1. The Capitol was built after Thomas Jefferson held a design competition to elicit entries from some of the finest architects in America.

The prize was $500, but the only one of the submissions that even came close to earning it was one by a French architect. His design would have been too expensive, though, and so the search continued. Finally, a late entry by William Thornton did the trick. Washington and Jefferson both raved over it, and the design was chosen.

subway

2. The Capitol has its own subway.

And I bet it doesn't smell like subways usually smell. It's been there in some variation since 1909 and carries politicians from House and Senate office buildings to the Capitol.

3. George Washington himself laid the cornerstone for the Capitol on September 18, 1793, and, as Dan Brown said, it was a Masonic ceremony.

WASHINGTONStomb

4. At one point, there were plans for the first president to be buried under the Capitol building in an area called the Crypt.

Designers even received permission from Martha Washington to do so. When the time came to move the body from Mt. Vernon to D.C., plans fell through because Washington's will specified that his final resting place should be Mt. Vernon. The Crypt is now used to keep some of the National Statuary Hall Collection and to house a gift shop. And you can still see where the tomb was going to go — that's it in the picture above.

5. There used to be a law in place that restricted any building in D.C. from being built taller than the Capitol.

It could be equal to the Capitol in height, but no higher than. Passed in 1899, this law didn't last long. It was amended in 1910 and now the Capitol is only the fifth-tallest building in the District of Columbia. It's shorter than the Washington Monument, the Basilica of the National Shrine of the Immaculate Conception, the Old Post Office and the Washington National Cathedral.

STATUE

6. The statue that sits atop the dome is called the Statue of Freedom.

If she ever fell off, someone below would be in trouble. At 15,000 pounds, I bet the old gal would do more than a little damage. She's 19-and-a-half feet tall and stepped down from her pedestal for the first time in 1993 for a much-needed restoration (pictured above). Hey, you'd need some spackling too if you were 130 years old.

7. If you've ever thought that the Capitol seems to be backward, you're not alone.

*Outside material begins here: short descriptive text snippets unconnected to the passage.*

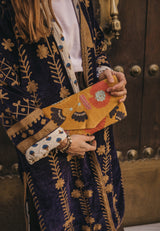 Bolso estampado terciopelo mostaza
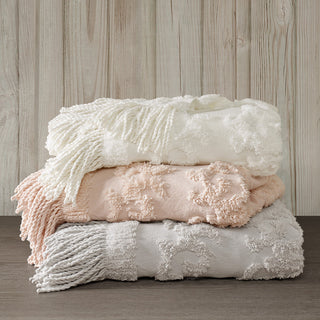 Madison Park Chloe Fringed Tufted Throw Blanket, Boho Pattern, White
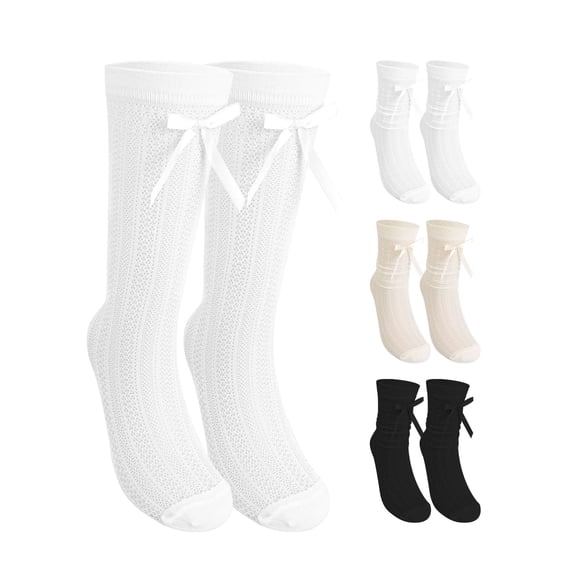 Spencer 3 Pack Women's Lace Socks Ruffle Ankle Socks Mesh Lace Crew Socks Cute Sexy Retro Lace Mid Calf Socks, Black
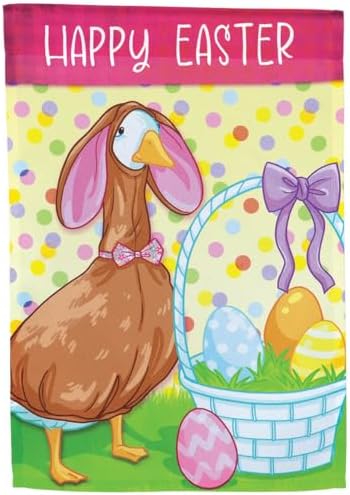 Easter Garden Flag - Whimsical Easter Bunny Goose Design - Colorful Egg Basket - Festive Outdoor Decor - Durable and Weather-Resistant Polyester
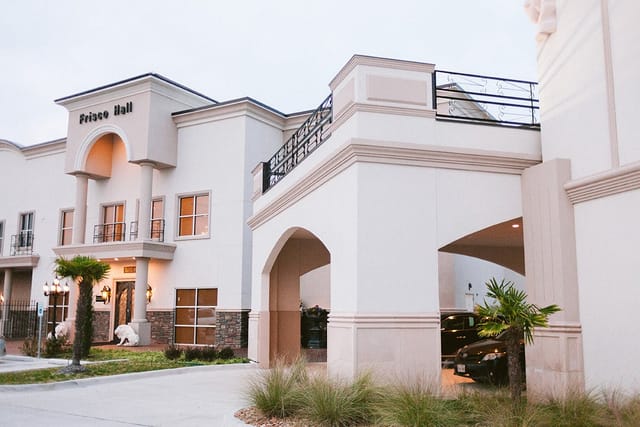 Elegant Grand Foyer in Frisco Hall, ideal for upscale corporate events and gatherings.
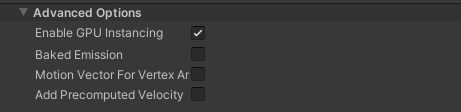 Material GPU instancing setting
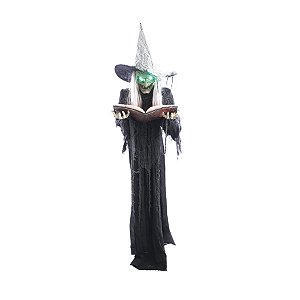 Enfeite Decorativo Halloween - Bruxa com Livro Dayonis - 180cm - Luz e Som - 1 unidade - Cromus - Rizzo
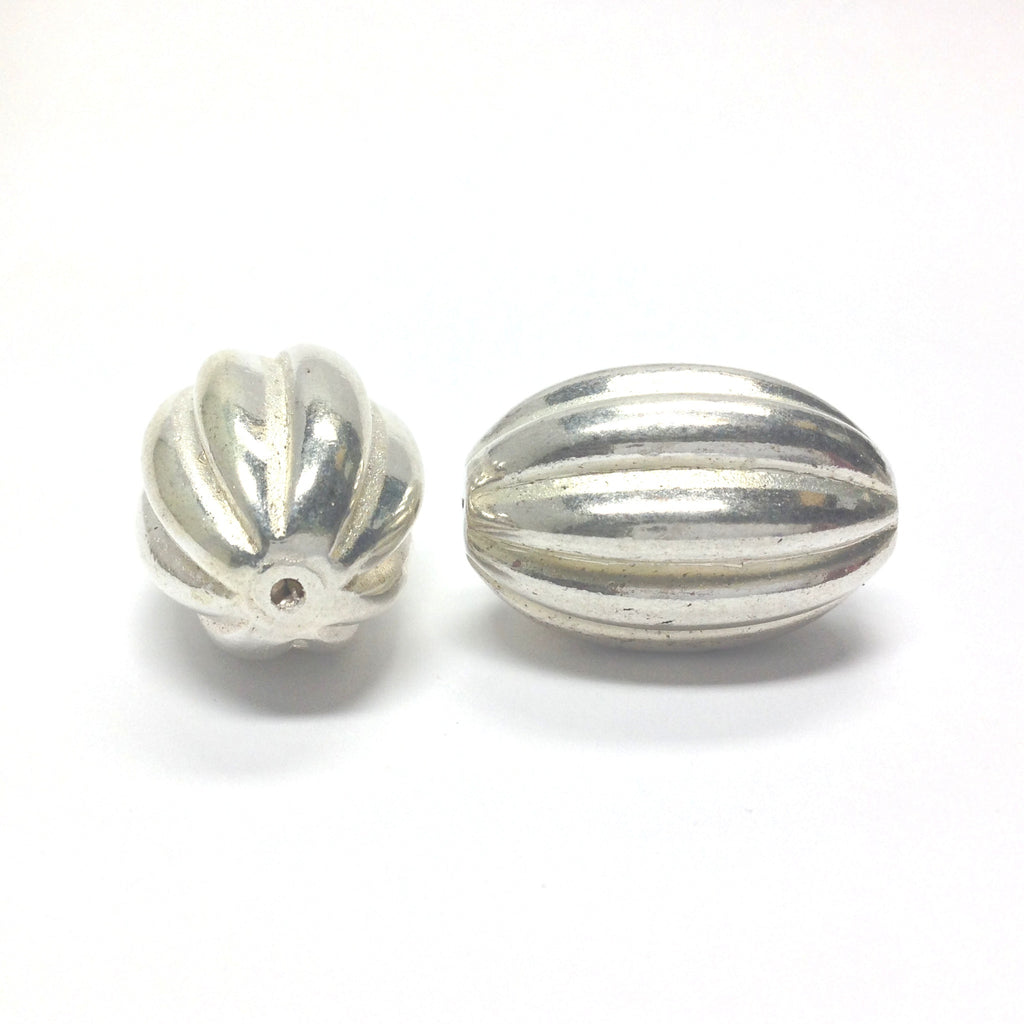 20X14MM Fluted Silver Bead (12 pieces)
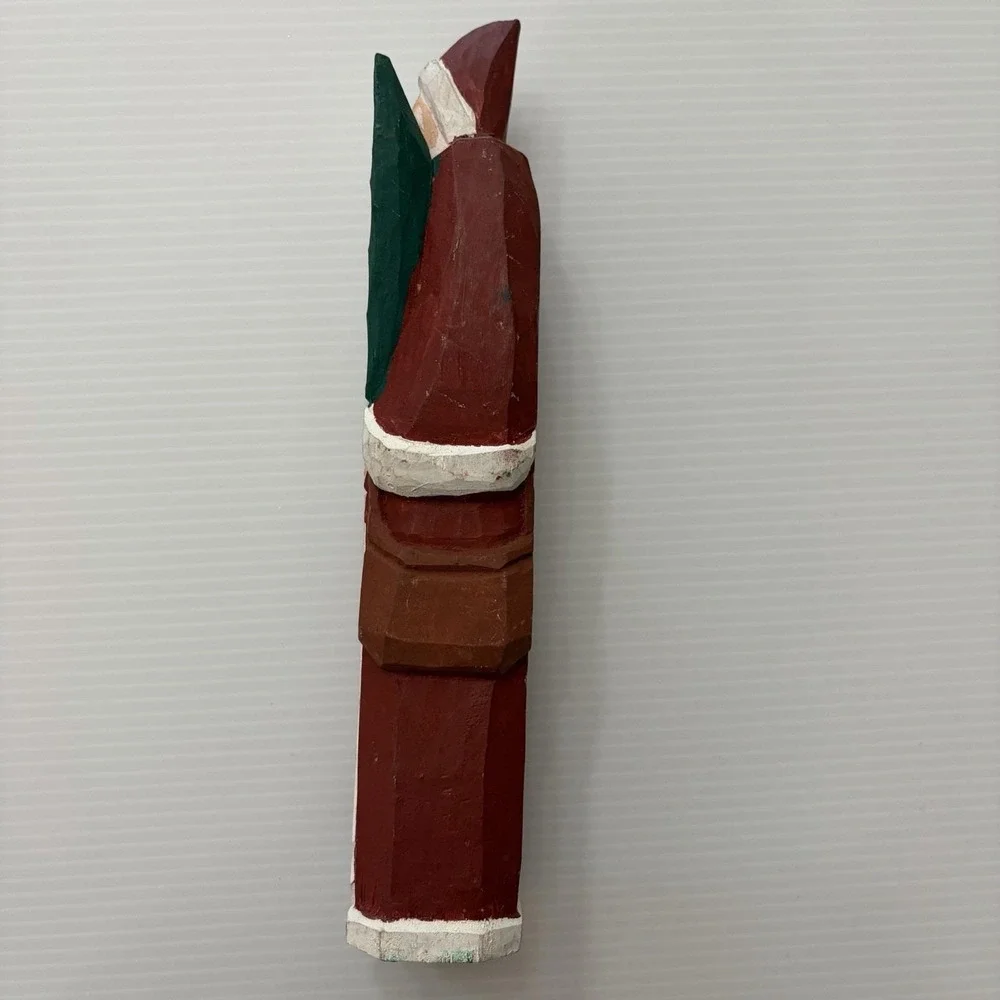 Folk Art Hand Carved Wood Santa Claus Holding Christmas Tree Primitive Rustic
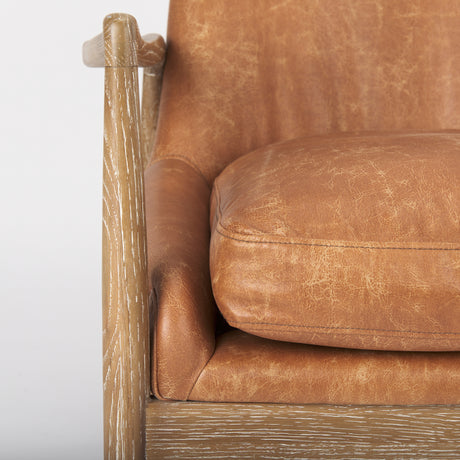 Westan Cognac Faux Leather W/Medium Brown Wood Accent Chair from Mercana - Luna Furniture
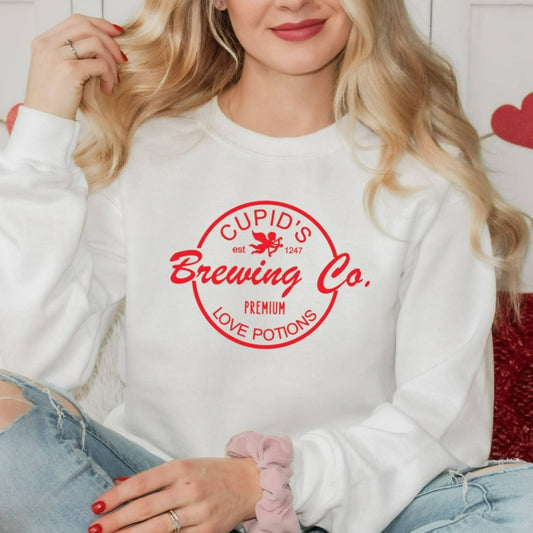 Cupid's Brewing Co Valentines Day Sweatshirt, Hugs and Kisses Shirt, Valentine's Day Gift, Women's Crewneck, Couples, Gift for Girlfriend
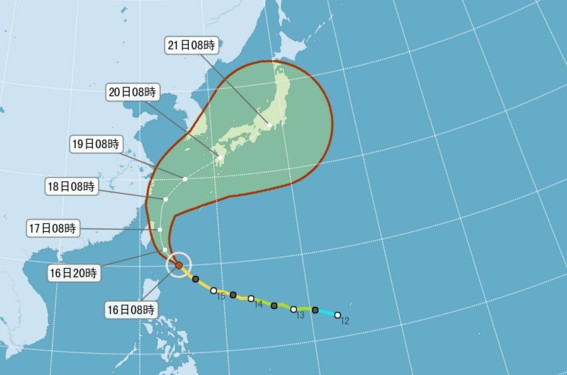 馬勒卡颱風逼近台灣。(圖片來源／中央氣象局)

Many people have wondered why the building faces away from the Mall instead of toward it, like most other important buildings and monuments. The reason, according to the Capitol website, is that the east side of the Capitol is the only one with level ground for a proper entrance, so the Capitol and the statue on top face east toward the people who are entering it.

8. The Architects of the Capitol oversee the maintenance, operation and preservation of all of the Capitol buildings and grounds.

Only 11 men have ever served in this position, starting with William Thornton in 1793. The current Architect is Stephen T. Ayers.

9. The Capitol didn't fare too well during the War of 1812 and nearly burned to the ground.

It would have been just ashes if a well-timed storm hadn't put the fire out. The building was pretty well gutted, as was the Library of Congress.

Bulfinch

10. The famous dome we know today wasn't added to the building until the 1850s

under the watch of Architect Thomas U. Walter, the fourth Architect. The picture shows the first dome, which third Architect Charles Bulfinch added. This was due to some pretty extensive additions to the Capitol. Although rebuilt after the War of 1812 fiasco, politicians quickly outgrew their workspace as states were added and more representatives filled the building. As the Capitol building was extended to make room, the Bulfinch dome looked out of place and disproportionate. The construction of the new dome took 11 years (Lincoln was sworn in under a half-finished dome) and nearly nine million pounds of iron.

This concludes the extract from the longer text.